Just after reading each input line, AWK counts the fields (coulumns) of the line
and set the NF
accordingly.
We can then refer to each field as $1
, $2
, …$NF
,
while fields are separated by AWK by the means of the FS
variable.
FS
stands for field separator and by default is any number of
consequent space and tab cracters.
If input is a CSV file, then we must set FS
to ",
",
while if input fields are tab separated, then we must set FS
to "\t
".
Regular Expressions
Regular Expressions (RE) are tightly coupled with AWK because AWK talks the language of REs out of the box, e.g. in the following AWK script the pattern sections are just RE matches:
BEGIN { ascetion = bsection = 0 } /^[aA][0-9]+/ { asection++ } /^[bB][0-9]+/ { bsection++ } END { print asection, bsection }
The first pattern is a regular expression match as the two slashes (/
) denote.
Actually the first pattern means: $0 matches ^[aA][0-9]+
regular expression.
But what exactly does this mean? In the RE dialect the ^
denotes the beginning
of the checked item (in this case the checked item is the whole line, so the ^
symbol denotes the beginning of the line), followed by the letters a
and
A
enclosed in brackets, which means one of the two letters a
or A
, followed by a string of numerical digits (at least one).
This RE matches the following lines:
a1 This is a… A1.1 In this chapter… A29 All of the… a30B12 Any of these…
We've emphasized the matched part of the line.
The second pattern is similar, but the first letter must be b
or
B
for the line to be matched.
Now let's say that we want the above REs to be matched
by the second field instead of the whole line.
There comes ~
, the so called match operator, to rescue:
BEGIN { ascetion = bsection = 0 } $2 ~ /^[aA][0-9]+/ { asection++ } $2 ~ /^[bB][0-9]+/ { bsection++ } END { print asection, bsection }
The above script is readed as: Before reading any input, set asection
and bsection
counters to zero.
For lines where the second field begins with a
or A
followed
by at least one numerical digit, increase asection
by one.
For lines where the second field begins with b
or B
followed
by at least one numerical digit, increase bsection
by one.
After processing all of the input lines, print asection
and
bsection
counters.
I/O redirection
It's very easy for AWK to redirect input and output.
Actually, redirecting I/O in AWK is very similar to shell I/O redirection:
AWK and shell use the same redirection operators, namely ">
"
for output redirection, "<
" for input redirection,
">>
for appending data to files and
"|
" for piping data to another running program.
Warning!
Because it's so easy for AWK to redirect output to files, you must know
what you are doing or else you are risking your files and data!

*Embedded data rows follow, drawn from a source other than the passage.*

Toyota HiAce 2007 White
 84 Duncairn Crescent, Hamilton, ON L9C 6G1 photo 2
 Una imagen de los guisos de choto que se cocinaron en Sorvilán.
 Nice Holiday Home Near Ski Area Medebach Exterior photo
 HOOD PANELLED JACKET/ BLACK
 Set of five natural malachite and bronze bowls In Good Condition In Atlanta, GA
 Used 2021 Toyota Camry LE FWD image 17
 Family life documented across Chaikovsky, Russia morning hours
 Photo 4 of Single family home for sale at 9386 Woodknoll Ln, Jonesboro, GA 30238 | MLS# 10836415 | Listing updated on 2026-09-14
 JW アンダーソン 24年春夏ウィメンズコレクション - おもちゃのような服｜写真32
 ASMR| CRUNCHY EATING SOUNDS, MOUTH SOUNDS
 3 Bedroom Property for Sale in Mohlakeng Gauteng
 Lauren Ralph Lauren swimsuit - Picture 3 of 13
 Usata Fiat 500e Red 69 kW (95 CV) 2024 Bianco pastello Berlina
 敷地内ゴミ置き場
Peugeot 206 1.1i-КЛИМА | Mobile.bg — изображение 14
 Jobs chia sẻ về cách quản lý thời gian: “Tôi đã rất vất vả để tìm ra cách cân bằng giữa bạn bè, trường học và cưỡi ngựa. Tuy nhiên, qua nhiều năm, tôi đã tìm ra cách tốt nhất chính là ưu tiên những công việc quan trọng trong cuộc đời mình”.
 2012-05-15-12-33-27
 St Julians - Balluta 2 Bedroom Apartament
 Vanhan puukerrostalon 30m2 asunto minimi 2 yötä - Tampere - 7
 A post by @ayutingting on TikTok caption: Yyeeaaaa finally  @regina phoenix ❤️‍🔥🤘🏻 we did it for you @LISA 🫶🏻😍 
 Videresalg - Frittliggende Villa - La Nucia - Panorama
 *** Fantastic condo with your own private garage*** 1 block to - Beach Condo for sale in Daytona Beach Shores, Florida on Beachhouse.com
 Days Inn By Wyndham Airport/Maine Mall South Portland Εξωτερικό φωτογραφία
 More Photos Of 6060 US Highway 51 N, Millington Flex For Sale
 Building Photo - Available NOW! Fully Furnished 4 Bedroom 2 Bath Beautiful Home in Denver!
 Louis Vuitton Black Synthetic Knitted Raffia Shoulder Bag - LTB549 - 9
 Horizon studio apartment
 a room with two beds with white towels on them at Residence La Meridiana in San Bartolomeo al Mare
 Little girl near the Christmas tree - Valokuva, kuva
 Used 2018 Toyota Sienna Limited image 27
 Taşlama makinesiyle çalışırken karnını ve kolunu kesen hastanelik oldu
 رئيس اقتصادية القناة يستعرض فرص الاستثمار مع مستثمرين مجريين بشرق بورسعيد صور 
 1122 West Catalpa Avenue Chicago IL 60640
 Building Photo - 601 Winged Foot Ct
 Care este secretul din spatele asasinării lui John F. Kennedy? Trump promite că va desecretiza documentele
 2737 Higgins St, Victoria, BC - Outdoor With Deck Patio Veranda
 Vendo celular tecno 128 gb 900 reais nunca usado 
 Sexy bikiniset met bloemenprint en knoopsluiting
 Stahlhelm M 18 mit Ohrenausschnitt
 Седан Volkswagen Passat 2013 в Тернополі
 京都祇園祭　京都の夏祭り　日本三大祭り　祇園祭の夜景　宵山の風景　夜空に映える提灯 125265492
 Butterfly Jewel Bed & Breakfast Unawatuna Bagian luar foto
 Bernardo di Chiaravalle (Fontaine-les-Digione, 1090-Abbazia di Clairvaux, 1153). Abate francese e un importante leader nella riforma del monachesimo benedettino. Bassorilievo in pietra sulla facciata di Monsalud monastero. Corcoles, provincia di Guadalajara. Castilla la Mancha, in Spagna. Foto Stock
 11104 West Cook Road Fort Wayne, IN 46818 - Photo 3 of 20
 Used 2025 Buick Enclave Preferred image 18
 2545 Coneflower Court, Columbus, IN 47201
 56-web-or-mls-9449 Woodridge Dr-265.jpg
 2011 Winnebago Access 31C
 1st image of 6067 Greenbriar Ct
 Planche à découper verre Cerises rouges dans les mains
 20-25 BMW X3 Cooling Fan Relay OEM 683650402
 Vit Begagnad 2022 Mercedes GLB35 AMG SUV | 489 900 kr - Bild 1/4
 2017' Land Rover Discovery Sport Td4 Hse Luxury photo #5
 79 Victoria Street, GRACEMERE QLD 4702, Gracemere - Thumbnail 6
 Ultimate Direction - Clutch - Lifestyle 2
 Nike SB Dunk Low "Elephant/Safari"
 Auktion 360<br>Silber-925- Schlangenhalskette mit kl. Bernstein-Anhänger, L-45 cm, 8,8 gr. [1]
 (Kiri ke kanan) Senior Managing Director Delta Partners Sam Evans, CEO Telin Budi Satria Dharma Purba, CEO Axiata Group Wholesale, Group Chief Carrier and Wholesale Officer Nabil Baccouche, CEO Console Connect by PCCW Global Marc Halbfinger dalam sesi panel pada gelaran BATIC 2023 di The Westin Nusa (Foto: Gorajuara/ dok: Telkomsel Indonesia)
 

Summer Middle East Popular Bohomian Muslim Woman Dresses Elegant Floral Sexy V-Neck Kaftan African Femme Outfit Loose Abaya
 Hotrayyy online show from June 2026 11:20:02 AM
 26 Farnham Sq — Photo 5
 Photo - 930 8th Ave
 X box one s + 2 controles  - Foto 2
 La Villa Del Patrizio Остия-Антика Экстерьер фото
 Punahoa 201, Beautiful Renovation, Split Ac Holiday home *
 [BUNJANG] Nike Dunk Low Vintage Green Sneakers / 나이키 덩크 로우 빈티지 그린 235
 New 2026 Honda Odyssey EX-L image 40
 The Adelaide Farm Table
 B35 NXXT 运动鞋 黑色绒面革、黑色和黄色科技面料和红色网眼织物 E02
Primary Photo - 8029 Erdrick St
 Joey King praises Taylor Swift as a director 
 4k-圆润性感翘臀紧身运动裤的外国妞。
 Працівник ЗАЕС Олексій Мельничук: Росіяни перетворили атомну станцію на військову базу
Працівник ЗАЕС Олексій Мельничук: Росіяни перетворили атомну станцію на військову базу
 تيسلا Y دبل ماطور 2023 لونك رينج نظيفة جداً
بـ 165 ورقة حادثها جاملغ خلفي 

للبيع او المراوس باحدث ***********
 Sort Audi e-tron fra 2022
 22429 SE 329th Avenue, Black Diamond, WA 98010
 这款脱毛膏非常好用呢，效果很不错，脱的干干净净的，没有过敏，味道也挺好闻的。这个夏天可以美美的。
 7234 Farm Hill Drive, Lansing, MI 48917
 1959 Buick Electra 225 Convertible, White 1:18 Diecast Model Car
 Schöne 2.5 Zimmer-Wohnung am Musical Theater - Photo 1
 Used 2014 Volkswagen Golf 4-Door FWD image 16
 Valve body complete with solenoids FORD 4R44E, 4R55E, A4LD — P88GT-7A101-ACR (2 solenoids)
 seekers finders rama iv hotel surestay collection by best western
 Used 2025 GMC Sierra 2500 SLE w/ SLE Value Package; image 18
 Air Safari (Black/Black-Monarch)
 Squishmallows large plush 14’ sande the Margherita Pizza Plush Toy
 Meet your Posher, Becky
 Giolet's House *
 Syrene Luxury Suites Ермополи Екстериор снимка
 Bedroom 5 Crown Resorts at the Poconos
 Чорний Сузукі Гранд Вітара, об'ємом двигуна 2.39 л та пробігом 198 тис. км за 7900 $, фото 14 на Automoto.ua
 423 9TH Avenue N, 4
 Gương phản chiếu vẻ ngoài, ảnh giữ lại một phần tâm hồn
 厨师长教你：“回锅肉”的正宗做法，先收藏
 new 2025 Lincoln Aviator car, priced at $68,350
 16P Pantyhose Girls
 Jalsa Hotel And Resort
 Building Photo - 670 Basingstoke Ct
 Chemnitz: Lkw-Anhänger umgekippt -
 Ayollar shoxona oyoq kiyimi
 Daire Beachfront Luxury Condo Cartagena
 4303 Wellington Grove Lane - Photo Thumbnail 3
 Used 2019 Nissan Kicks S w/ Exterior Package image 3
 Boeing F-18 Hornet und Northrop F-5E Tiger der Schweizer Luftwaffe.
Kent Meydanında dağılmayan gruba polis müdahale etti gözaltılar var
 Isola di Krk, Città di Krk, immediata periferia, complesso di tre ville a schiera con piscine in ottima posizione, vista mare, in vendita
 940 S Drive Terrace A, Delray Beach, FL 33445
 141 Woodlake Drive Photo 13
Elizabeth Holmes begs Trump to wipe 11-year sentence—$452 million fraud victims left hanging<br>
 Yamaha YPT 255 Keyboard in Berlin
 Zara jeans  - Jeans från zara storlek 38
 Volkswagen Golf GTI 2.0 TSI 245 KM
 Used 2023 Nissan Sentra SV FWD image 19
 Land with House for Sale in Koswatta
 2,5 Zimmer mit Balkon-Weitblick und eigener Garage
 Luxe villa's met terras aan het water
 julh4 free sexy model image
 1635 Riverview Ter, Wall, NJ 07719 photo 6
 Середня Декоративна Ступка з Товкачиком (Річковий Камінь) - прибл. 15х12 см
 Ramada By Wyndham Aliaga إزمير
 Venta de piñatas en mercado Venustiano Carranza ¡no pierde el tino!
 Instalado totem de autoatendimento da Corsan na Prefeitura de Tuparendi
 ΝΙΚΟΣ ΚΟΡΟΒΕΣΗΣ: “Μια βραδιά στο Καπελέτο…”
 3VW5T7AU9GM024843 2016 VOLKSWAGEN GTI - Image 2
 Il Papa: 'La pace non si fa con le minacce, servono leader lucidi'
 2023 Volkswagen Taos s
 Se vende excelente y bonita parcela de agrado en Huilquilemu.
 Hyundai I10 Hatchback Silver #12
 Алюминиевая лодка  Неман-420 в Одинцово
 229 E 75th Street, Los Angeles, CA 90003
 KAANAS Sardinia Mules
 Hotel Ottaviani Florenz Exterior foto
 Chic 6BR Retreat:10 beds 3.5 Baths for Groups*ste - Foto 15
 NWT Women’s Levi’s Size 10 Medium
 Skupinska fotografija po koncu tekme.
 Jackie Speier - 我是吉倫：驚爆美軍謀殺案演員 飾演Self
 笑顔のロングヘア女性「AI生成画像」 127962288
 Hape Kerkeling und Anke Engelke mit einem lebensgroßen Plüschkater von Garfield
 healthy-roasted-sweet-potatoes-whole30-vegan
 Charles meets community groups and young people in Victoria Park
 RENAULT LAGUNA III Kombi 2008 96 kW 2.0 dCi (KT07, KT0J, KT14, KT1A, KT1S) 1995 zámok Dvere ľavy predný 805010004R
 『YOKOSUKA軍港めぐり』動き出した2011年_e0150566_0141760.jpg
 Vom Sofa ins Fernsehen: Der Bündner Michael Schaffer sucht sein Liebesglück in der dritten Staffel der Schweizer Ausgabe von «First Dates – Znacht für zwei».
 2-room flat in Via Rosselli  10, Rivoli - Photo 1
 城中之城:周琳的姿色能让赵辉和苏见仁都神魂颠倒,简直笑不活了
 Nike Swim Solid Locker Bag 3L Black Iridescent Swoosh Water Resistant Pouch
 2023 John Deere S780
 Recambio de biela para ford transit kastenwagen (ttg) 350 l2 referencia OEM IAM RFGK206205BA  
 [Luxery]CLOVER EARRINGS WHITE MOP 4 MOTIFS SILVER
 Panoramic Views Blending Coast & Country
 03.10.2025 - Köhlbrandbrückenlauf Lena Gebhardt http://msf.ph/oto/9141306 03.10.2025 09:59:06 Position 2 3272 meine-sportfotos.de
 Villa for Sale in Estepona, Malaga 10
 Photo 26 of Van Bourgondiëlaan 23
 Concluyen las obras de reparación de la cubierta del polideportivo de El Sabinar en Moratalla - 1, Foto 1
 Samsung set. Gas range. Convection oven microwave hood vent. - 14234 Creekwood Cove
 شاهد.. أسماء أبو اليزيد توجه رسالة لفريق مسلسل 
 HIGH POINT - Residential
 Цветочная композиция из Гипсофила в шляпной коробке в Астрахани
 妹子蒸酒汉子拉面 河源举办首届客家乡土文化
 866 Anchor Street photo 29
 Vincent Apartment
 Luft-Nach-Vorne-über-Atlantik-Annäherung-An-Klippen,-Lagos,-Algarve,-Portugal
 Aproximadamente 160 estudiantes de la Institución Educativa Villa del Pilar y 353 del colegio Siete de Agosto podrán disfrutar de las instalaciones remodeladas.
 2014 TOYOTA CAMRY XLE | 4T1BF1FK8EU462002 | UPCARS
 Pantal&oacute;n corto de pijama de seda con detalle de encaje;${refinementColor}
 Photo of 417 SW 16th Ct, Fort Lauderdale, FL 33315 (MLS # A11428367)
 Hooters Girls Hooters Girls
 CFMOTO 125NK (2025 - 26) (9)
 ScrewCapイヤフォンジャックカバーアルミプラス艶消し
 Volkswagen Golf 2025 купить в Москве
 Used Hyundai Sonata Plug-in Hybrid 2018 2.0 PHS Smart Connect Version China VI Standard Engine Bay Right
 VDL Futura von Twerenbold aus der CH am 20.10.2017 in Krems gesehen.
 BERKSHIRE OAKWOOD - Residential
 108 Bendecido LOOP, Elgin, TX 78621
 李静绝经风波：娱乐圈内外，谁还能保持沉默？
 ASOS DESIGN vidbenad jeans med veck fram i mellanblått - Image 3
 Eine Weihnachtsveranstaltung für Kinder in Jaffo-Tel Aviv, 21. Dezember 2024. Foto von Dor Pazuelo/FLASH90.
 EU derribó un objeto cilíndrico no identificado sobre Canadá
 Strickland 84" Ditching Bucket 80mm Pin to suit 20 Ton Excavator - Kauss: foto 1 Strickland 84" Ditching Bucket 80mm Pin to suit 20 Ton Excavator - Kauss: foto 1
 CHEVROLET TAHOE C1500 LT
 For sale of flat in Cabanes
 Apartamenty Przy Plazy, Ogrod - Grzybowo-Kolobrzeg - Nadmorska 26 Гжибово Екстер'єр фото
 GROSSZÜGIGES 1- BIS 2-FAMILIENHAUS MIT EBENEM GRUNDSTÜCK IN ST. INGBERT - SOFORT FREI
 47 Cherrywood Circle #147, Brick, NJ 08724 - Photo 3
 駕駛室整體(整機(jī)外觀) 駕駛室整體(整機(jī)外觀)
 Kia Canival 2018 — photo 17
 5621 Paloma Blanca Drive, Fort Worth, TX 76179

Let's say we want our program to filter input lines as follows: All lines with 3d column value less than a given number (min) to be collected to a file, lines with 3d column value greater than another given number (max) to be collected to another file, while all lines with 3d column value between min and max to be printed to standard output. Here is the AWK program to run this task:
$3 < min { print >less; next } $3 > max { print >more; next } { print }
Assuming the data file is named data
and the above program is stored to
filter.awk
file, we can create files less10
and
more20
by running:
awk -v min=10 -v less="less10" -v max=20 -v more="more20" -f filter.awk data
Conclusion
Nowdays there exist plenty of amazing software languages, tools, frameworks, APIs etc for handling almost every need arising in our full computerised world, from simple calculations, to outer space communications, nanorobotics and machine learning. There is no single piece of software to meet every computer need out there, but AWK is a handy single program found in every computer system, standing there listening to your needs without asking for tons of supporting software, neither asking for super extra high payed experts on software engineering, nor for supercomputer sized machines in order to carry out from the simplest to the most complex tasks, just by following a few lines of code.